Read A Queer History of the United States Online
Authors: Michael Bronski
Tags: #General, #History, #Social Science, #Sociology, #United States, #Lesbian Studies, #Gay Studies
The Puritans not only rejected the Church of England, but also rejected what they saw as the political and social excesses of the other dissenting groups. They critiqued the Church of England for veering toward Rome and wanted to return it to a “pure” state. All of the Protestant sects in England and throughout Europe viewed the Roman Catholic Church as emblematic of the decadent sensibility, including sexual profligacy, that they witnessed in England. They commonly referred to the Papacy as “the painted whore of Babylon” and viewed Italian culture itself as promoting sexually deviant, same-sex acts. Daniel Defoe, in his 1703 poem “A True Born Englishman,” opined “Lust chose the Torrid Zone of Italy / Where Blood ferments Rapes and Sodomy.”
Not accepted by others, and not accepting of them back, the Puritans fled England. They explicitly understood their emigration as an exodus, a direct analogy to the Jews leaving Egypt for Israel, seeking a promised land and freedom. John Winthrop, in his famous 1630 sermon “A Model of Christian Charity,” likened the new colony to old Jerusalem: a “city upon a hill.”

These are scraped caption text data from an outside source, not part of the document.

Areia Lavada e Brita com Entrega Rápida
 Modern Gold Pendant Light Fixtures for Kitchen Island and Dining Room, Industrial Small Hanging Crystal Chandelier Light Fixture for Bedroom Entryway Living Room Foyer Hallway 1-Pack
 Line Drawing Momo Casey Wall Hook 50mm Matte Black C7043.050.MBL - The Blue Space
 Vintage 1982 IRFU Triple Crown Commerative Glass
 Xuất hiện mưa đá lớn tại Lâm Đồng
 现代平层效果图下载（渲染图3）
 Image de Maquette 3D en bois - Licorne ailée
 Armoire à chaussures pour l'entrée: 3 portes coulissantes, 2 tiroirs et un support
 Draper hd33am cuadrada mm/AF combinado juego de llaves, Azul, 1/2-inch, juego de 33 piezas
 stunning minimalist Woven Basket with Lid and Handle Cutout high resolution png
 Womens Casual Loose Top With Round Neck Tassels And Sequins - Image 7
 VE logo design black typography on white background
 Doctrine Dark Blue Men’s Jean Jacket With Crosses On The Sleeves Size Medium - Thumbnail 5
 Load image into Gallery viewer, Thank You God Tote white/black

When the Puritans established a religious society in the colonies, they were determined to ensure that its members did not fall prey to the temptations and errors they had left behind in England. Therefore they enacted strict legal sanctions against deviance from sexual and gender norms. Many of these norms directly impacted people who sexually desired members of their own sex or who challenged traditional gender roles. Sodomy laws in Europe and America were not specifically aimed at same-sex activity; they were intended to punish all nonreproductive sexual activity. Laws passed in the colonies to instill personal and social sexual morality were most often an amalgam of preexisting British law, such as Henry VIII’s Buggery Act of 1533, and biblical injunctions, in particular Leviticus 20:13. Dozens of these laws existed in the new colonies. They varied widely in specifics—some laws targeted public masturbation rather than anal sex—but they all had two commonalities: they used phrases such as “abomination” and “the unspeakable crime against nature,” and they considered such crimes capital offenses.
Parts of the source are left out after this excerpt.